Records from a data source

▼▼▼

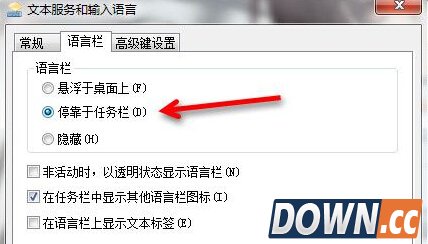 语言栏不见了怎么办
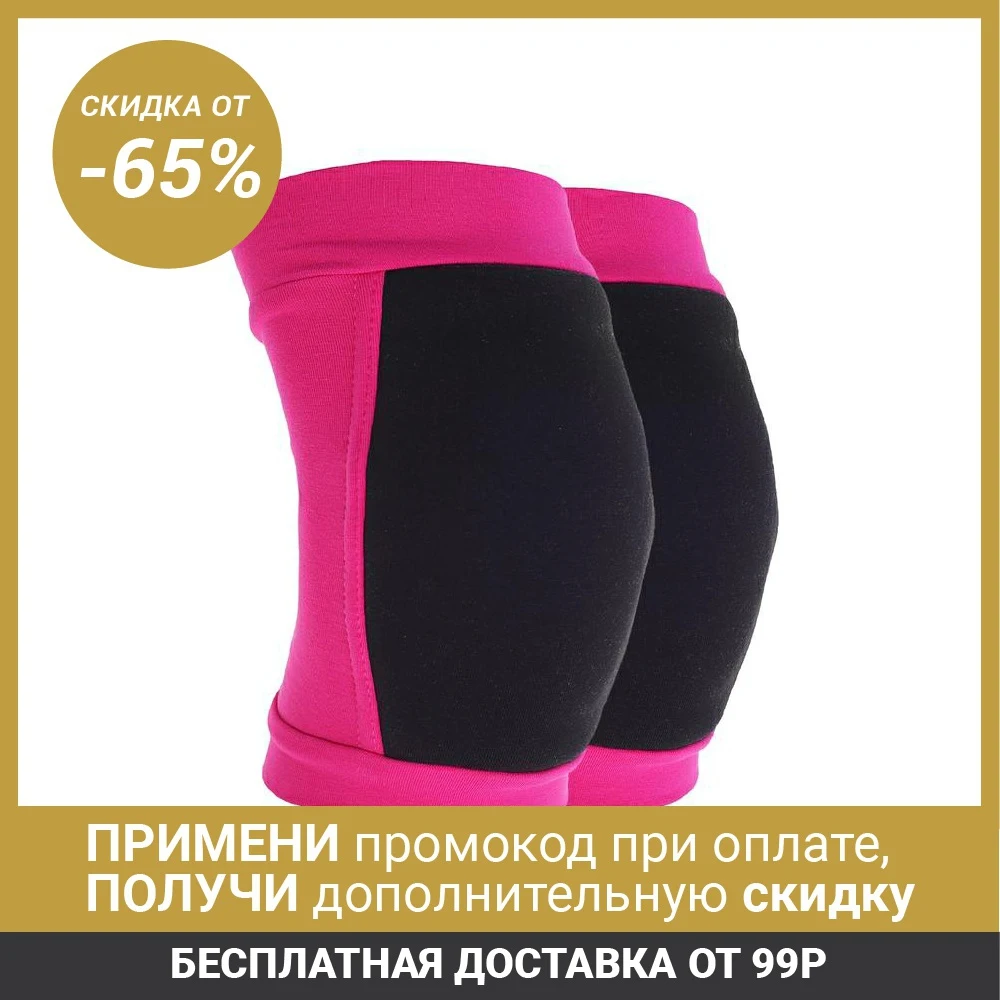 Наколенники для гимнастики и танцев (с уплотненной чашкой) размер M (11 14 лет) цвет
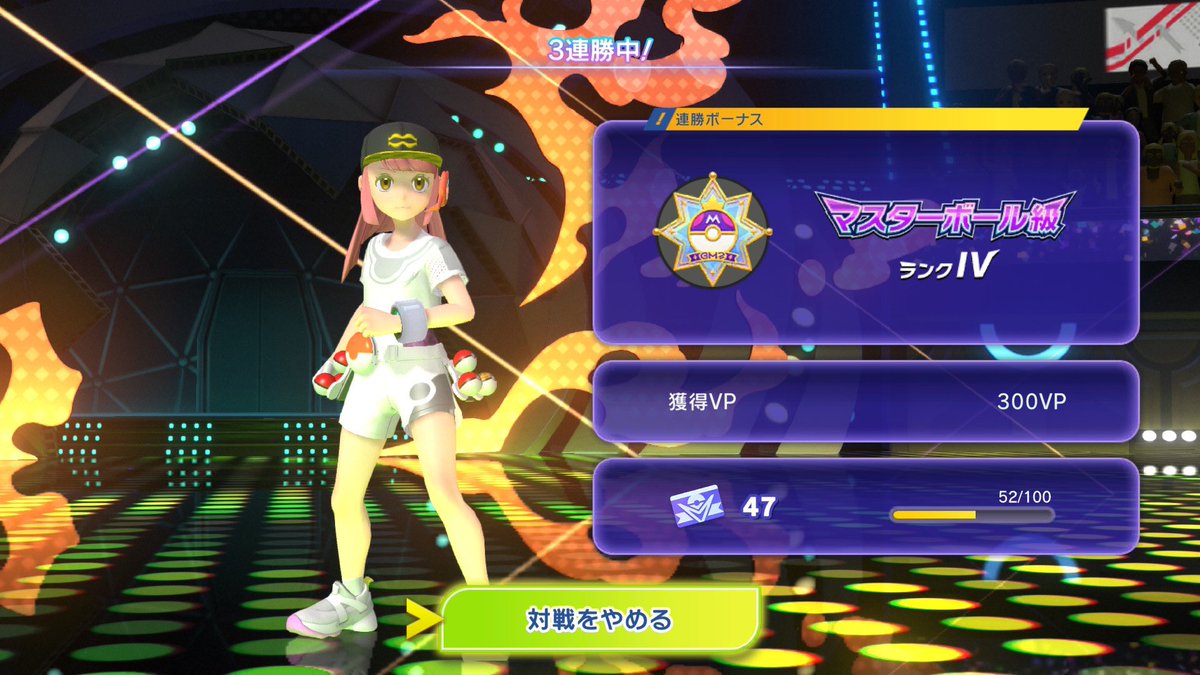 天然あまぐり tweet media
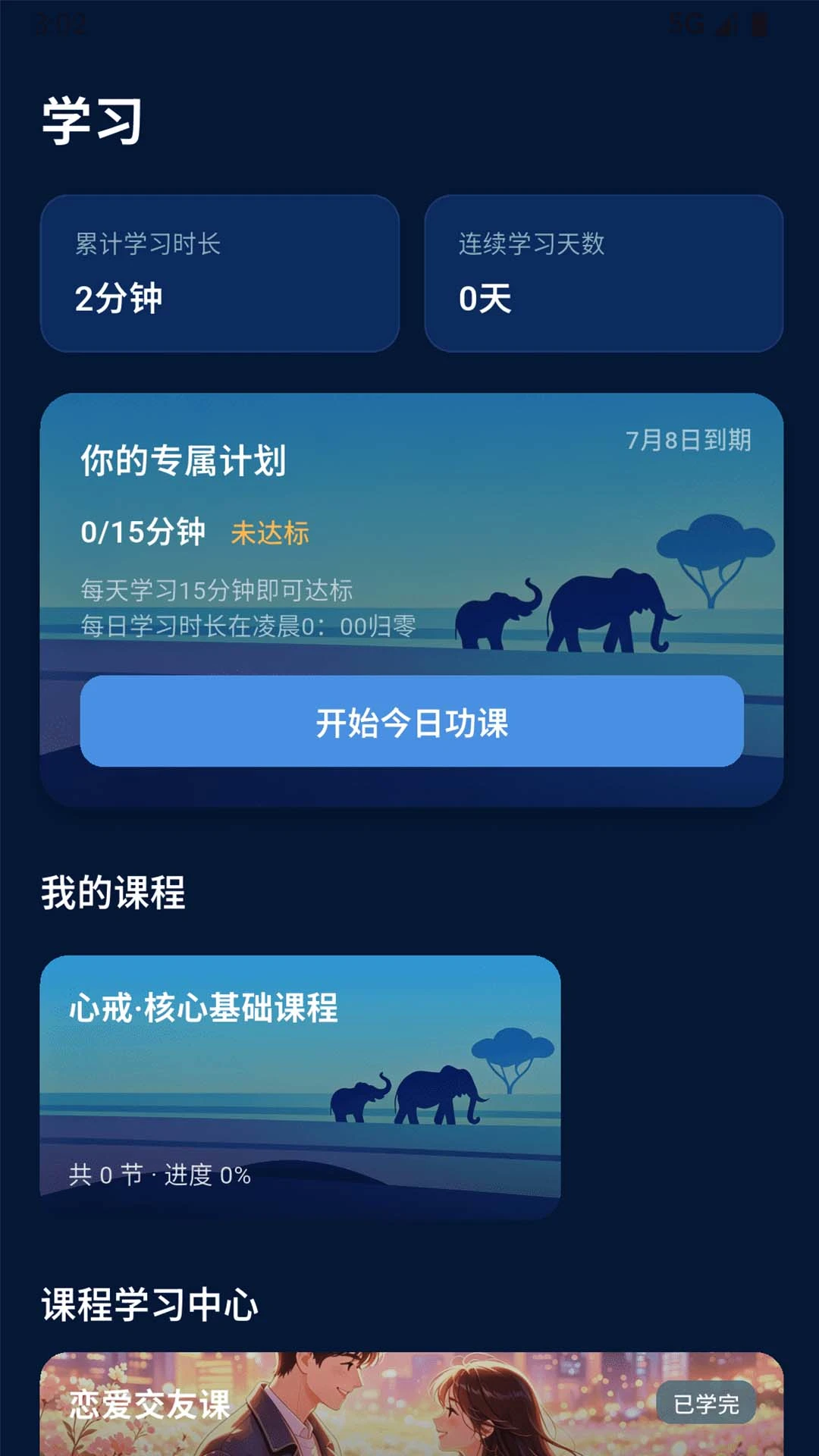 �Ľ�1.1.0 ������������
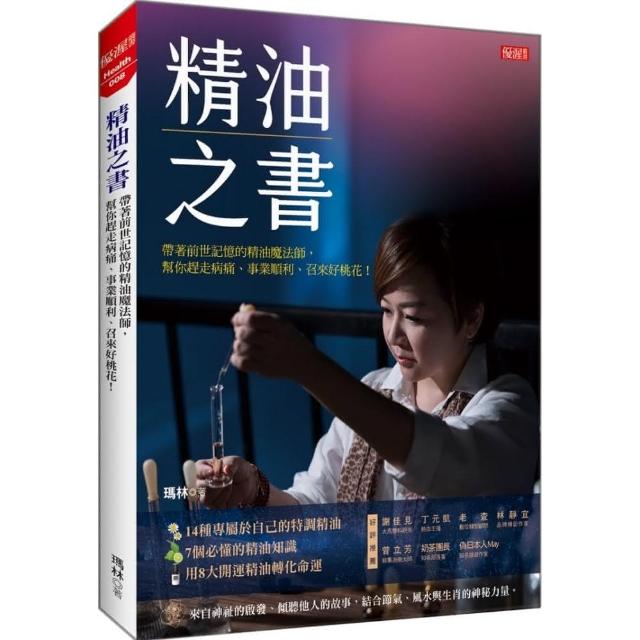 精油之書：帶著前世記憶的精油魔法師 幫你趕走病痛、事業順利、召來好桃花！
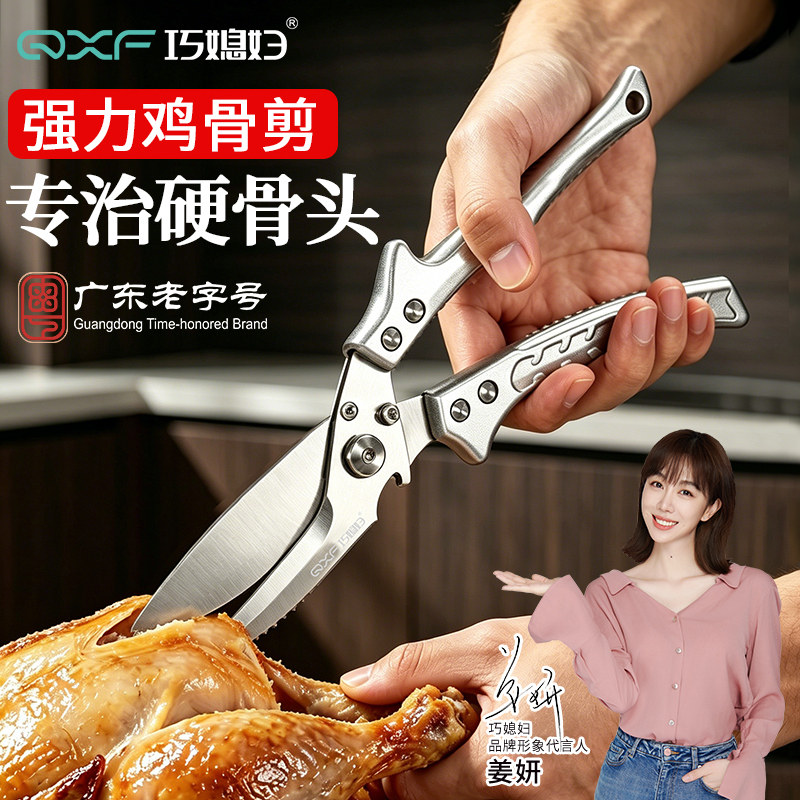 巧媳妇厨房剪刀锋利加厚加长家用强力多功能鸡骨剪鸡鸭鹅骨头专用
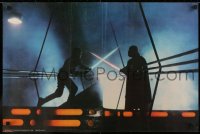 5z245 EMPIRE STRIKES BACK group of 3 color 20x30 stills 1980 Luke Skywalker, Darth Vader, more!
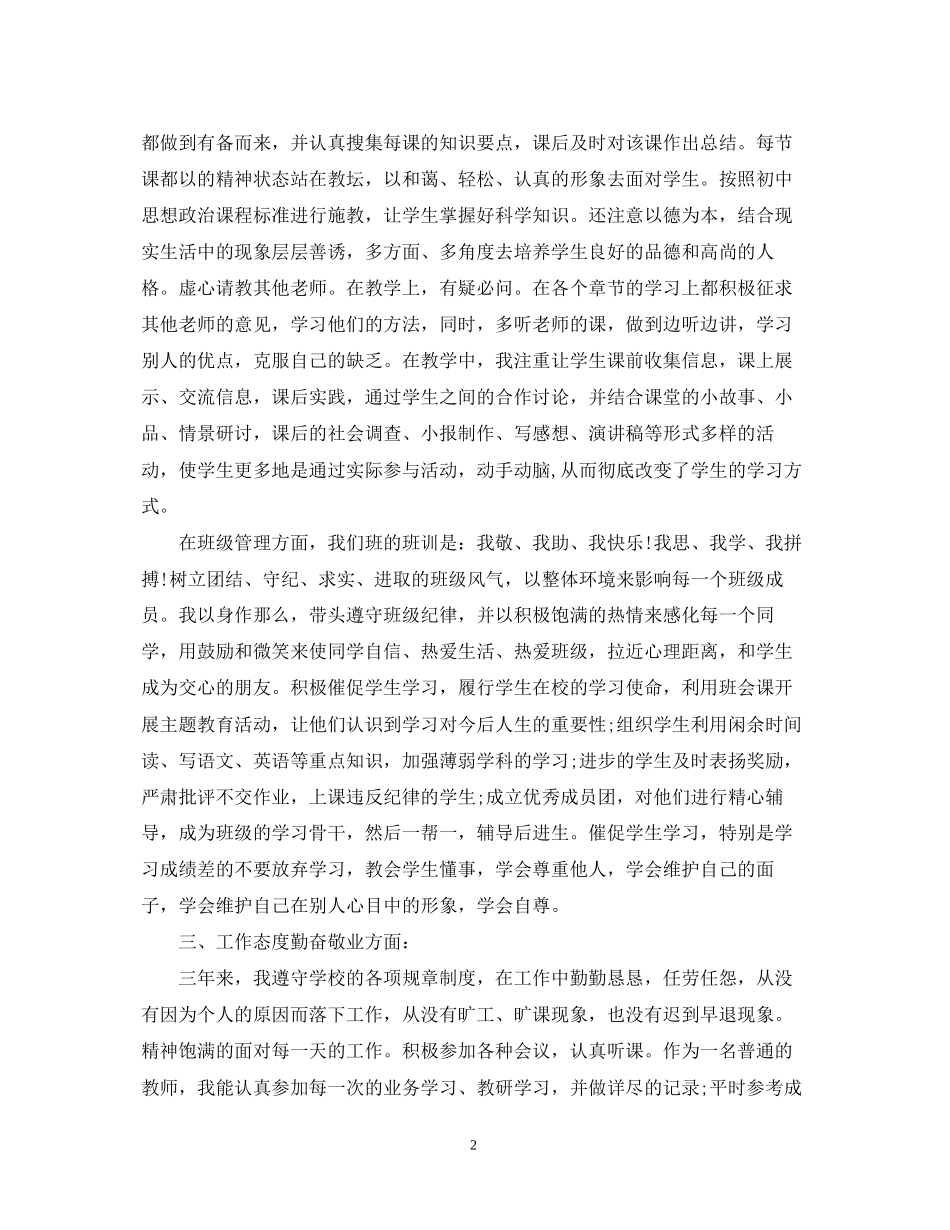 2023年特岗教师自我鉴定范文.docx_第2页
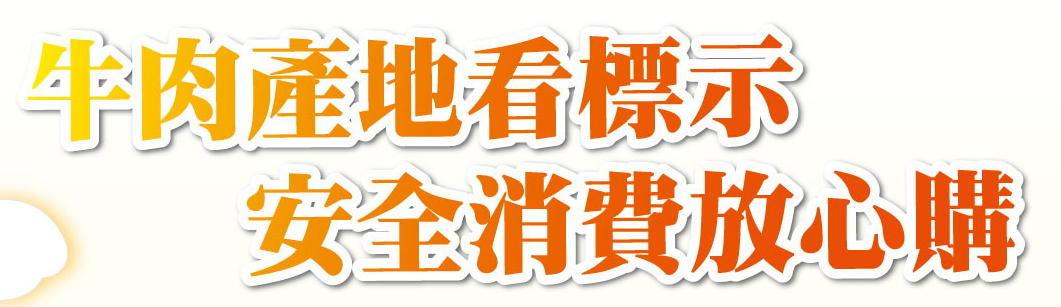 牛肉產地看標示宣導海報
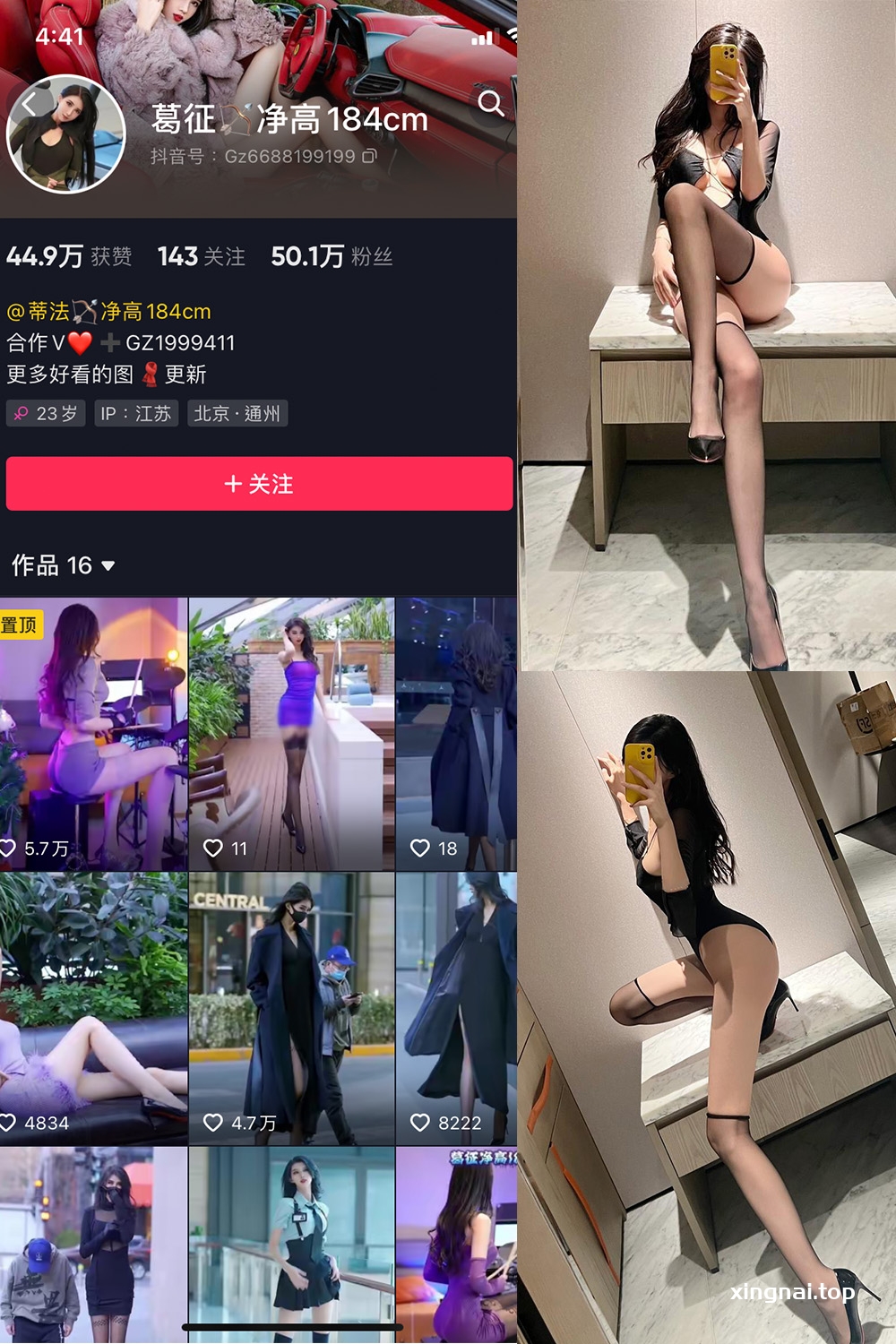 抖音 葛征 微密圈  NO.013期 【44P】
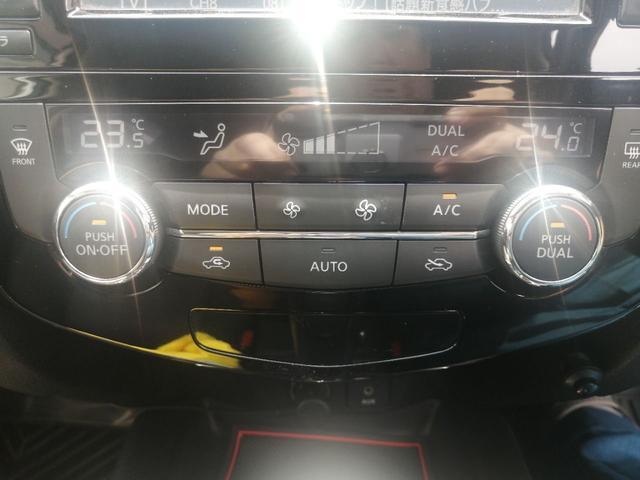 ��̓͂��₷���Ƃ���ŊȒP���삪�ł���󒲕t���I�I�[���V�[�Y�����D�݂̉��x���߂��ł��܂��B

▲▲▲

* [Task prompt] Omit the pictures and please write out exactly the lines between the one containing "天然あまぐり tweet media" and the last line of the entries, both included.

* [Expected output]
 天然あまぐり tweet media
 �Ľ�1.1.0 ������������
 精油之書：帶著前世記憶的精油魔法師 幫你趕走病痛、事業順利、召來好桃花！
 巧媳妇厨房剪刀锋利加厚加长家用强力多功能鸡骨剪鸡鸭鹅骨头专用
 5z245 EMPIRE STRIKES BACK group of 3 color 20x30 stills 1980 Luke Skywalker, Darth Vader, more!
 2023年特岗教师自我鉴定范文.docx_第2页
 牛肉產地看標示宣導海報
 抖音 葛征 微密圈  NO.013期 【44P】
 ��̓͂��₷���Ƃ���ŊȒP���삪�ł���󒲕t���I�I�[���V�[�Y�����D�݂̉��x���߂��ł��܂��B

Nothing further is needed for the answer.